Having piled as many of their belongings as they can on the little cart that they have used in gathering firewood, Nick and the others round up their livestock (which they call by the English word cattle), and set out on Tenebra's first ever cattle drive, heading for the coast. Once they have found a relatively safe place and set up camp, Nick goes back to the cave village to rescue Fagin while the others set out to map the area around their camp. Using fire to distract Swift's people, Nick takes off with Fagin and rejoins his siblings. Swift and his people are not far behind, but before a battle can erupt Fagin convinces the two groups to work together in finding the bathyscaphe.

Once the Tenebrites have found the bathyscaphe they must somehow send it high into the atmosphere. Rather than attempt to repair the electrolyzers, they use an alternative plan devised by Easy. They capture floaters, jellyfish-like creatures with stinging tentacles and hydrogen-filled flotation sacs.

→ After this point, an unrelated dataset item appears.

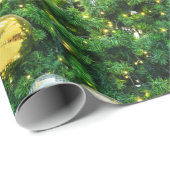 クリスマスツリー装飾の背景。ヴィンテージゴル ラッピングペーパー (ロールコーナー)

After hacking off the creatures' tentacles, they bring them to the bathyscaphe and squeeze their hydrogen directly into the bathyscaphe's buoyancy tanks. There's no shortage of floaters: a strange wind that has been blowing for many days keeps bringing more to the area. When the Tenebrites have put just enough hydrogen into the bathyscaphe's tanks the craft lifts off the ground and, in the other part of Easy's plan, the wind carries the craft to its source, the caldera of a wide and active volcano, whose hot updraft carries the bathyscaphe to its rendezvous with the shuttle.

==Reception==
SF Impulse reviewer Tom Boardman Jr. commended the novel for its "impressive plotting and sustained suspense," noting that Clement's "consummate craftsmanship" turned a simple story into an intense one.

James Nicoll, writing in 2017, noted that "(m)odern readers may be appalled by the casual way that Fagin steals eggs and raises a clutch of helpless infants to serve as his spies", and lauded Clement's choice to show that raising Tenebrans as humans, in total isolation from Tenebran culture, would have long-term negative repercussions; he also praised the egalitarian and nonsexualized portrayal of Easy Rich.